Peut-on, selon vous, lire le recueil Alcools comme une autobiographie poétique
?
Analyser
le sujet
a.
Étude de la citation
L’affirmation
d’Apollinaire est ici sans appel. On note l’absence de modalisateur, et
l’affirmation avec le choix du verbe « être » et le terme « Chacun de mes
poèmes ». La matière personnelle est donc une évidence, puisqu’ils évoquent
tous un « événement » de sa vie, terme intéressant par les différents
sens qu’il recouvre. Il peut s’agir tout aussi bien d’un fait marquant,
important à la fois personnellement et collectivement, que d’un fait exceptionnel
ou encore d’une simple chose qui se produit. Enfin, on s’interroge sur le sens
du mot « commémoration ». Là encore, plusieurs interprétations sont
possibles : l’étymologie évoque la réminiscence, mais les connotations appellent
la notion d’hommage rendu à un événement marquant, voire une nuance religieuse,
présente dans des expressions comme la « commémoration des morts »,
prière de la liturgie catholique.
b.
Étude de la question
La question résume le
propos d’Apollinaire dans l’expression « autobiographie poétique ». On revient
avec les élèves sur la définition de l’autobiographie, en reprenant par exemple
celle de Philippe Lejeune : « récit rétrospectif en prose qu’une personne
réelle fait de sa propre existence, lorsqu’elle met l’accent sur sa vie
individuelle, en particulier sur l’histoire de sa personnalité ». Si
l’adjectif « poétique » annonce d’emblée une autobiographie particulière, on
s’interroge sur les autres éléments de la définition : peut-on dire qu’Alcools
est un récit « rétrospectif » ? Le poète met-il l’accent sur « l’histoire
de sa personnalité » ? Enfin, on fait le lien entre la citation proposée et
la question donnée : peut-on dire que commémorer les faits marquants d’une
vie, c’est la même chose que raconter l’histoire de sa personnalité ?
Réflexion
sur le type de plan
Les analyses précédentes
ont fait émerger les limites possibles à cette conception du recueil comme « autobiographie
poétique ».
Par ailleurs, le sujet
est une question fermée, qui appelle un plan dialectique, que le « selon vous »

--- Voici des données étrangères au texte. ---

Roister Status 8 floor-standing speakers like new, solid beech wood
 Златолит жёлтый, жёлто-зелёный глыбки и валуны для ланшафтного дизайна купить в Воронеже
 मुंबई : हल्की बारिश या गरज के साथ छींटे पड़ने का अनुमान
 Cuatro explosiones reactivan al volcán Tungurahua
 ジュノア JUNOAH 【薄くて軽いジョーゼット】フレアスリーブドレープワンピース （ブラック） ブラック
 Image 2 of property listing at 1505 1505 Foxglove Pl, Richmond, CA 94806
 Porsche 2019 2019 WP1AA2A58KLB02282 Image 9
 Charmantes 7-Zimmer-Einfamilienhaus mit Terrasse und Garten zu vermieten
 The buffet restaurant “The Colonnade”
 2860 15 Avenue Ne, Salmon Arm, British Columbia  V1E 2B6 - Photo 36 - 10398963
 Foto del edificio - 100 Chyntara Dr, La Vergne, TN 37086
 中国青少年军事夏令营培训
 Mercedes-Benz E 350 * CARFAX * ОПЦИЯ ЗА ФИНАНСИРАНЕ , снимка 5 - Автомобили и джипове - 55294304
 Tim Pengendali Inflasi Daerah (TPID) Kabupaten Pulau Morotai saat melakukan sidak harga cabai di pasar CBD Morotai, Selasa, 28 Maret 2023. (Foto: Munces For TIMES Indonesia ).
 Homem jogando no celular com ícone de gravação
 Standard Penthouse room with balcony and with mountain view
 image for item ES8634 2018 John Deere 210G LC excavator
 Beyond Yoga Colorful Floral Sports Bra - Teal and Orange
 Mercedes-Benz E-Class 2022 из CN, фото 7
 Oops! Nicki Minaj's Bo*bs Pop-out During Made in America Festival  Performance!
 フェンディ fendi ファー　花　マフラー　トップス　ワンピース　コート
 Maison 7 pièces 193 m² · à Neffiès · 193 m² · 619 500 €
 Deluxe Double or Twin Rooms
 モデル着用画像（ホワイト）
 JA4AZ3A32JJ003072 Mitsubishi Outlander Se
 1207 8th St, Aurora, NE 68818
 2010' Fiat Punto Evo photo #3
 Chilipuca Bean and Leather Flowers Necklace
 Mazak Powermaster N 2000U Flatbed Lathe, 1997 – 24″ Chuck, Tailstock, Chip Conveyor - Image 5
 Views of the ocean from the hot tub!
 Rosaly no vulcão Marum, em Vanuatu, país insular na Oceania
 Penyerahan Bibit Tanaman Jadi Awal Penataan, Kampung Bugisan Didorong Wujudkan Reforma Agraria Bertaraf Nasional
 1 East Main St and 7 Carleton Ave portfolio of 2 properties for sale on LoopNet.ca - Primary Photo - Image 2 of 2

rend plus pertinent encore. Il va falloir tenter de valider cette thèse, à
l’aide de la citation initiale qui ramène la poésie d’Apollinaire à une matière
personnelle, puis en tester les limites, à l’aide de la confrontation à la
définition exacte de l’autobiographie. Enfin, la synthèse permettra de dépasser ces deux postures pour
résoudre le problème proposé.
Proposition
de plan de dissertation
I.
Alcools, ou la
« commémoration » d’une vie.
A. Le poème comme
narration des événements essentiels d’une vie.
« Zone », poème
liminaire du recueil, correspond presque exactement à l’affirmation
d’Apollinaire. Il est agencé de manière chronologique, puisqu’après une
ouverture sur la vie présente du poète dans Paris, la seconde strophe
revient sur la petite enfance : « tu n’es encore qu’un petit enfant ».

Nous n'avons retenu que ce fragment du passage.